(RECORDS FOR THE TASK)
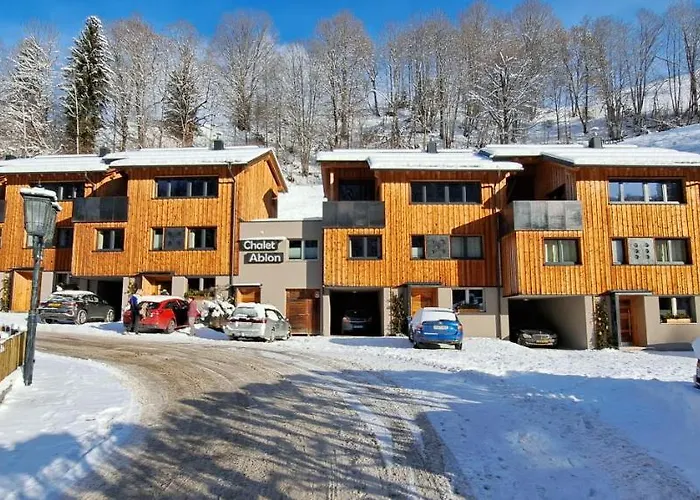 Chalet Ablon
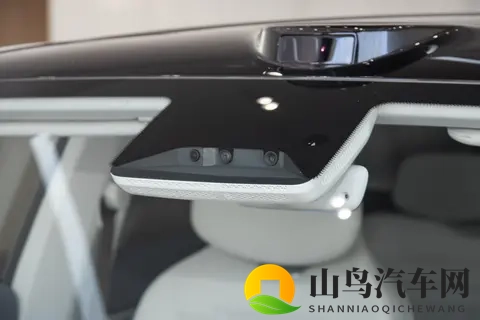 星途星纪元ET 2025款纯电版Ultra四驱城区辅助驾驶详细解读-2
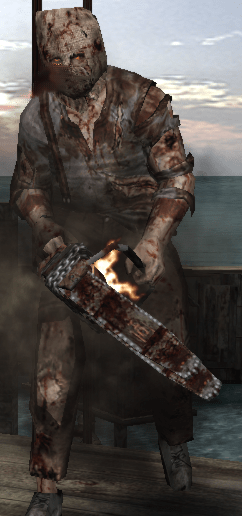 A demo de Resident Evil 4 surpreende os jogadores com a aparição de um líder aterrorizante.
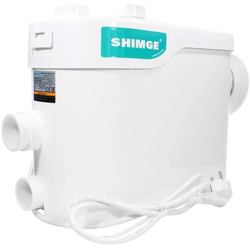 Поверхностный вихревый насос серии WT, Shimge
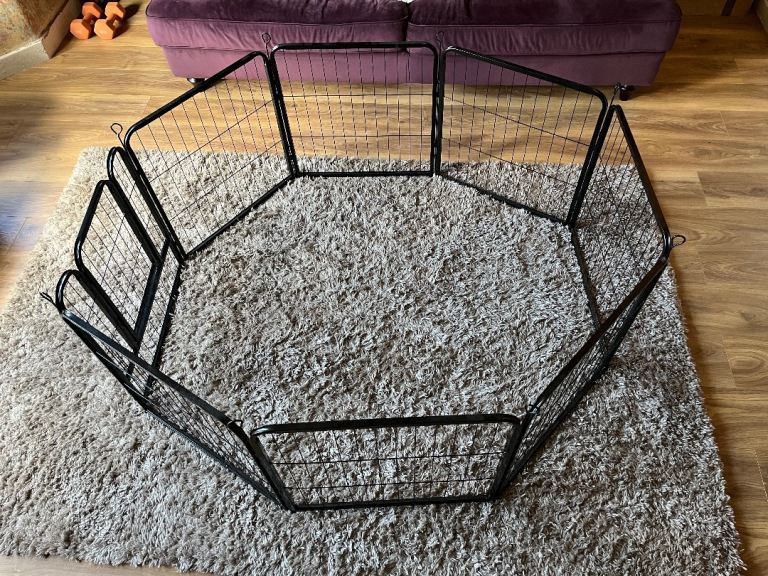 Puppy pen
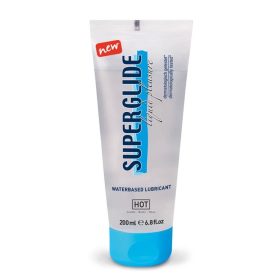   HOT Superglide Liquid Pleasure - lubrifiant pe bază de apă 200 ml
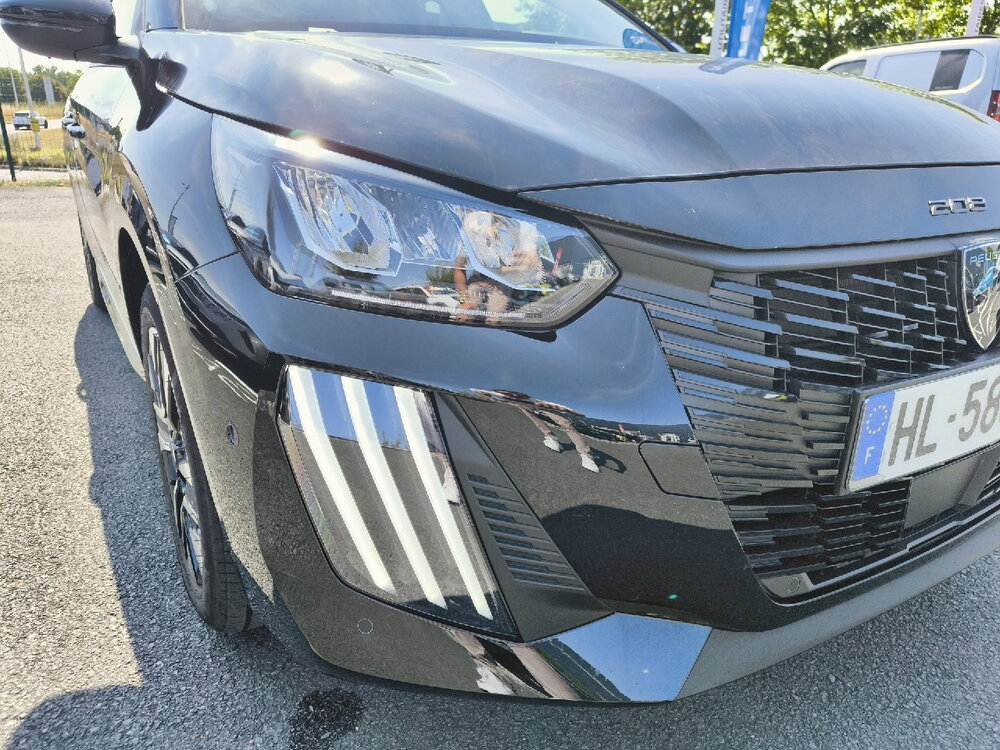 Occasion PEUGEOT 208 208 Electrique 156 ch 54 kWh - Allure
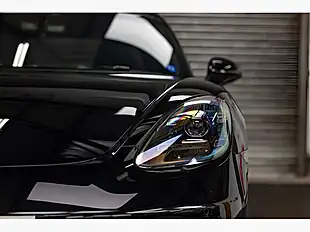 Used 2022 Porsche 718 Cayman Gts Black - Interior and Exterior details 17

(TASK PROMPT) Only the lines between the one with "A demo de Resident" and the one with "Occasion PEUGEOT 208", those two included, get copied from the material above. Keep it exact and free of pictures.

(RESPONSE)
 A demo de Resident Evil 4 surpreende os jogadores com a aparição de um líder aterrorizante.
 Поверхностный вихревый насос серии WT, Shimge
 Puppy pen
   HOT Superglide Liquid Pleasure - lubrifiant pe bază de apă 200 ml
 Occasion PEUGEOT 208 208 Electrique 156 ch 54 kWh - Allure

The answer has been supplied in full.